Because the fakes aren't produced under any kind of standards, what you get are inferior materials. Some counterfeits confiscated in the UK were found to have been lubricated with hand cream, which is a step above using wishes but still below anything you're going to want to trust your future to.
Quick, Natural Snacks Like Walnuts and Grapes? Yeah, Those, Too.
Walnuts are the Shemp of the nut world: they exist, you tolerate them, but come on. They're no almonds. Still, some people have a hankering for a walnut every so often and are willing to bludgeon that insane armored car of a shell and enjoy the vaguely gritty, often dirty-tasting meat within. If you're one of those people, we don't judge you.
In China, walnuts are big business. Not just for food, but as status symbols. They sub in for stress balls -- people just grab a couple and spin them around their palm, supposedly to stimulate circulation. That doesn't seem like a big deal, but there's more to it. If you can get larger than average nuts (stop it), that's worth a premium. If you can get two that are identical, that's worth even more. A pair of super nice nuts back in the day cost $50 (no, seriously, stop it -- we're all adults here). Then, around 2012, the prices skyrocketed as people started investing in them as a commodity. A pair were suddenly worth $5000. They didn't grant wishes or anything. We're talking about just normal, non-magical walnuts.
His food bank is worth more than your car.
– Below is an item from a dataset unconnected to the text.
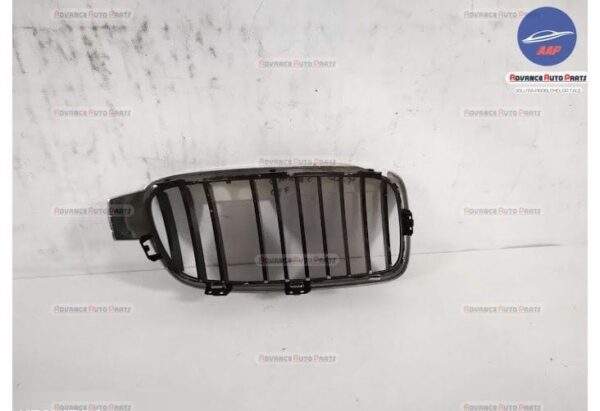 Grila Centrala Nara Stanga originala BMW  Seria 3  F30/F31/F34 [2011 - 2016] - imagine 4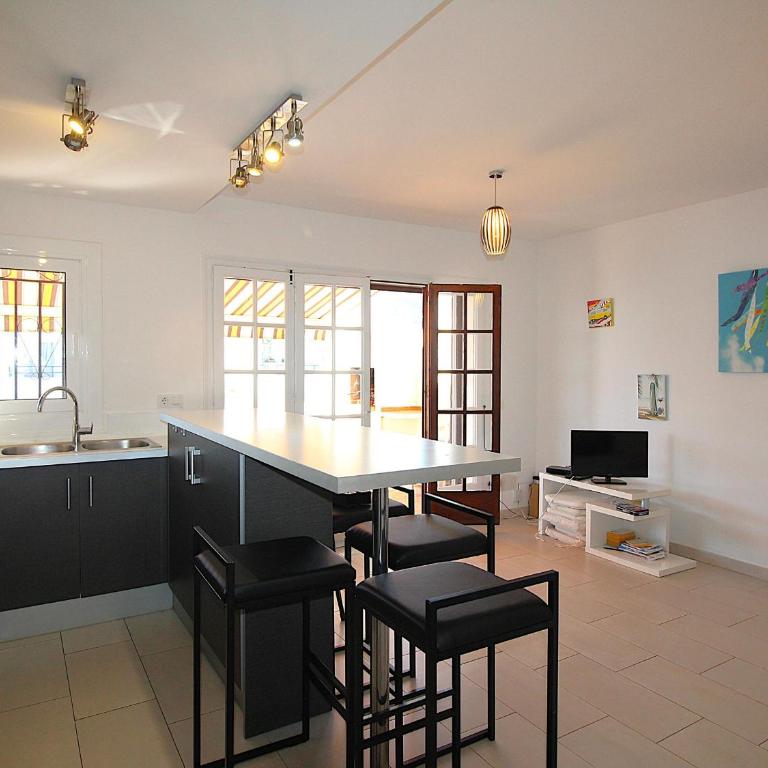 Ático renovado y luminoso con 2 terrazas, cerca de la playa y paseo marítimo, parking y WIFI inclus - ES-228-47 - Apartamento - 16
With all this interest in nuts as a status symbol, came the inevitable industry of using the ones that aren't good enough as food. But that industry got scammed big time when someone figured out that you could double down on profit. Open the nut, take out the meat and sell it. Then, fill the shell with rocks or concrete and paper (as a buffer so it doesn't rattle), then glue it shut again. You just double dipped in the nut pond.
Now that you have your nuts in order, you need your grapes. If the counterfeit food market in China has proved nothing else, it's that vaguely round foods can be completely faked with ease. A grape can be forged with the same basic mixture that goes into a fraudulent egg, only this time you toss in a bit of real grape juice and color. That gives you a grape with the look and smell of the real thing, which is probably enough to trick a few people at a roadside stand before you pack up shop and head on to the next spot.
Is the joke here that you can full on counterfeit Grapenuts? No. That's a totally different, delicious product and a bad joke to boot. We're ashamed that you made it.